Presidente da Comissão Europeia não prevê ida a reunião com Mercosul e põe em xeque anúncio de acordo

Por Ricardo Della Coletta/Ana Estela de Sousa Pinto/Folhapress

02/12/2024 às 20:00

Atualizado em 02/12/2024 às 20:00

Foto: Valter Campanato/Agência Brasil/Arquivo

A presidente da Comissão Europeia, Ursula von der Leyen

A porta-voz da Comissão Europeia, Paula Pinho, disse nesta segunda-feira (2) que não há previsão de viagem da presidente do órgão, Ursula von der Leyen, para a cúpula do Mercosul em Montevideu. A sinalização coloca dúvidas sobre a possibilidade de conclusão, nos próximos dias, do acordo comercial negociado há duas décadas entre a União Europeia e o bloco sul-americano.

"A agenda da presidente está publicada e lá não há visita para o Mercosul prevista no momento", disse Pinho.

O Mercosul e a UE estão em tratativas há 20 anos para celebrar um tratado de livre-comércio.

A última rodada de negociação técnica terminou na sexta-feira (29) em Brasília. De acordo com o embaixador Mauricio Lyrio, secretário de Assuntos Econômicos e Financeiros do Itamaraty, questões pendentes foram submetidas aos líderes dos dois blocos, mas o governo brasileiro mantinha uma visão positiva para o desenrolar das conversas.

Segundo diferentes interlocutores ouvidos pela reportagem, a presença de Von der Leyen era condição fundamental para que um anúncio ocorresse em Montevidéu. Eles também afirmam que a última informação que tinham recebido, antes da declaração desta segunda da porta-voz europeia, é que ela planejava, sim, viajar ao Uruguai.

Esses interlocutores não descartam que Von der Leyen vá de última hora ao Uruguai para sacramentar a negociação, numa estratégia para desviar da oposição que o acordo gera principalmente na França.
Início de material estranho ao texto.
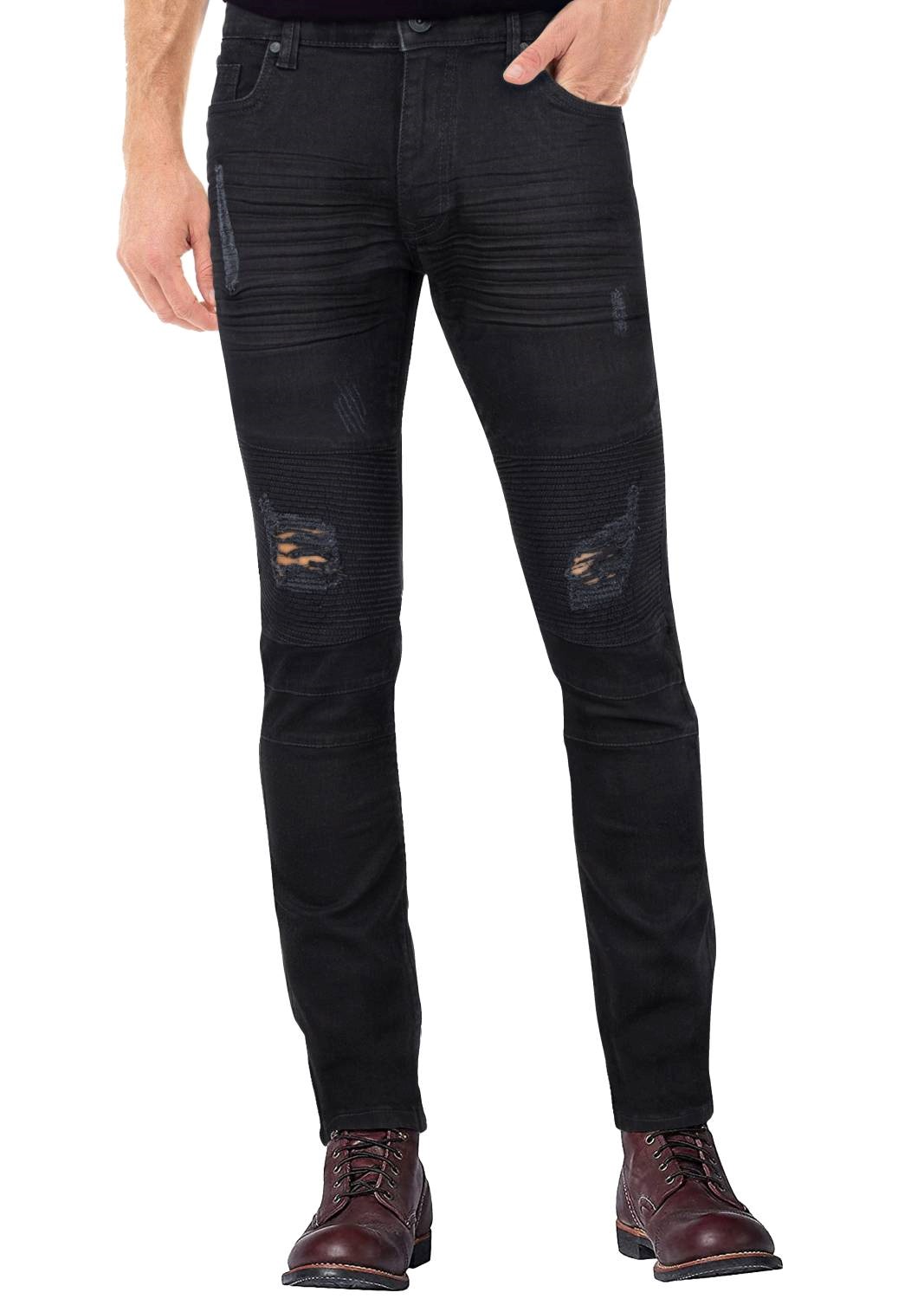 RAW X Men's Slim Fit Skinny Biker Jean, Comfy Flex Stretch Moto Wash Rip Distressed Denim Jeans Pants - image 1 of 8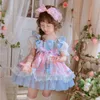 Espagnol Bébé Robes Toddler Girls Bouqitue Vêtements Cartoon Prints Infant Espagne Lolita Dress Enfants Anniversaire Baptême Robe De Bal 210615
O tratado teve sua conclusão anunciada em 2019, ainda no governo Jair Bolsonaro (PL). A agenda negacionista do clima do ex-presidente, porém, impediu que ele fosse enviado para análise do Parlamento Europeu, e as negociações acabaram sendo reabertas no governo Lula 3.

O acordo criaria um mercado comum de 780 milhões de pessoas e um fluxo de comércio de até R$ 274 bilhões em produtos manufaturados e agrícolas. Apesar do apoio de países como Alemanha, Espanha e Itália, o pacto sofre críticas de governos como o da França e da Polônia.

O acordo é atacado, por exemplo, pelos agricultores franceses, que têm protestado bloqueando estradas. O texto cria cotas livres de tarifas para a entrada de produtos do bloco sul-americano na União Europeia, como a carne, em troca de redução recíproca para a importação de automóveis e outros produtos europeus.

Também nesta segunda, outro porta-voz da Comissão, Olof Gill, disse que os contatos técnicos entre a Comissão Europeia e o Mercosul continuam.

"Não é apropriado neste estágio ir a um nível mais detalhado sobre onde precisamente estamos [em relação ao acordo]. Posso dizer que os chefes das negociações se encontraram na semana passada e que progresso construtivo foi feito. Mas, como em todas as negociações, a substância é prioridade sobre a velocidade", declarou.

"Tudo o que posso dizer é que os contatos técnicos continuam."

O presidente Lula (PT) se encontrou com Von der Leyen durante a cúpula do G20, no Rio de Janeiro.

Na ocasião, de acordo com interlocutores, o petista saiu da reunião otimista com a perspectiva de que uma conclusão das negociações poderia, por fim, ser anunciada.